More than 7 million California residents are enrolled in a Medi-Cal managed-care plan. That’s about 20 percent of the state’s population.

The California Medical Association, however, has said that doctors have reported that their practices are often listed erroneously even after they tell insurers that they are no longer accepting patients.

Lara said the California Health Report story “had some pretty alarming findings,” which caused him to want to have the state auditor investigate the matter.

“This request, I believe, is about making sure we deliver on the promise of providing for the care of Medi-Cal beneficiaries,” he said.

The audit, which was ordered Aug., 14, is expected to take six to eight months and cost about $287,000.

More than 7 million California residents are enrolled in a Medi-Cal managed-care plan. That’s about 20 percent of the state’s population.

Many enrollees have expressed frustration with finding a doctor due to the inaccuracy of the directories.

“Just because we want to give millions of people medical insurance and cards doesn’t necessarily mean they’re going to be able to receive services,” Lara said.

California State Auditor Elaine Howle will select three managed-care plans in three counties as part of the audit. It was unclear Thursday whether Howle will choose the same counties that the California Health Report investigated: Butte, Fresno and Imperial counties.

At one plan in Butte County, more than 95 percent of the doctors listed in the printed directory were either unavailable to new patients or could not be reached, the California Health Report found. Even in the most accurate directory, from a plan in Fresno County, reporters were able to confirm that a doctor would see a new patient at only six out of every ten offices listed.

Some of the doctors listed in the directories have moved out of the area, retired or are otherwise no longer practicing. Others who were erroneously listed had decided to stop accepting Medi-Cal, while some said they never accepted the insurance. Some of the phone numbers listed had been disconnected, were for the wrong office or were actually fax numbers. Many of the receptionists who answered the phone said they had never heard of the doctor who was listed as practicing at their office.

Dr.
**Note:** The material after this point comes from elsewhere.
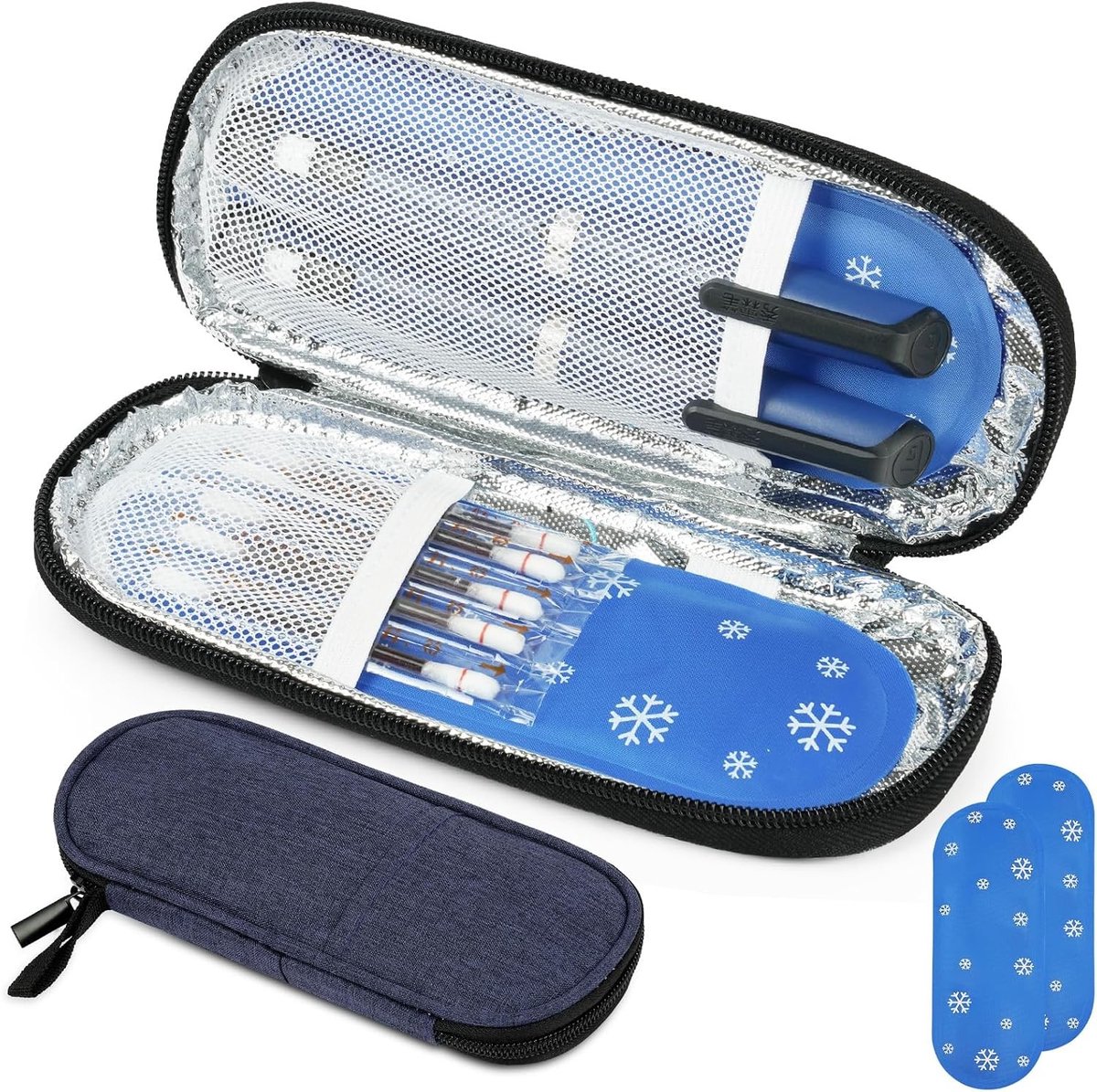 Koeltas voor Insuline met 2 Koelpacks, Draagbare Tas voor Diabetici, Ideaal voor Vliegtuig, Vakantie en Zakenreizen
Richard Thorpe, president of the medical association and a general internist who practices in Butte County, said he’s heard from many Medi-Cal patients who have trouble finding a doctor.

“I think it’s really important that we don’t just give people the promise of a health card, we actually provide them real access,” he said at Thursday’s press conference.

The medical association conducted its own investigation into Medi-Cal directories in Butte and Imperial counties and also found that they were highly inaccurate.

Anthony Wright, executive director of Health Access, said the state agencies that are supposed to oversee managed-care plans must ensure that the directories are accurate so that enrollees can get timely care.

“Let’s be clear, the issue of access to doctors and specialists and provider directories — this is not a frill,” he said.

“Otherwise that plan is defrauding patients and we’re violating that promise.”

The Department of Health Care Services, which contracts with health companies to offer managed-care plans, responded to the news of the audit Thursday.

“DHCS carefully reviews health plan data and meets regularly with plans to help make sure that their networks are adequate,” spokesman Norman Williams said. “The top priority of DHCS is to ensure that our members are able to receive the health care services that they need and deserve.”

The Department of Managed Health Care, which regulates managed-care plans, did not respond to requests for comment Thursday.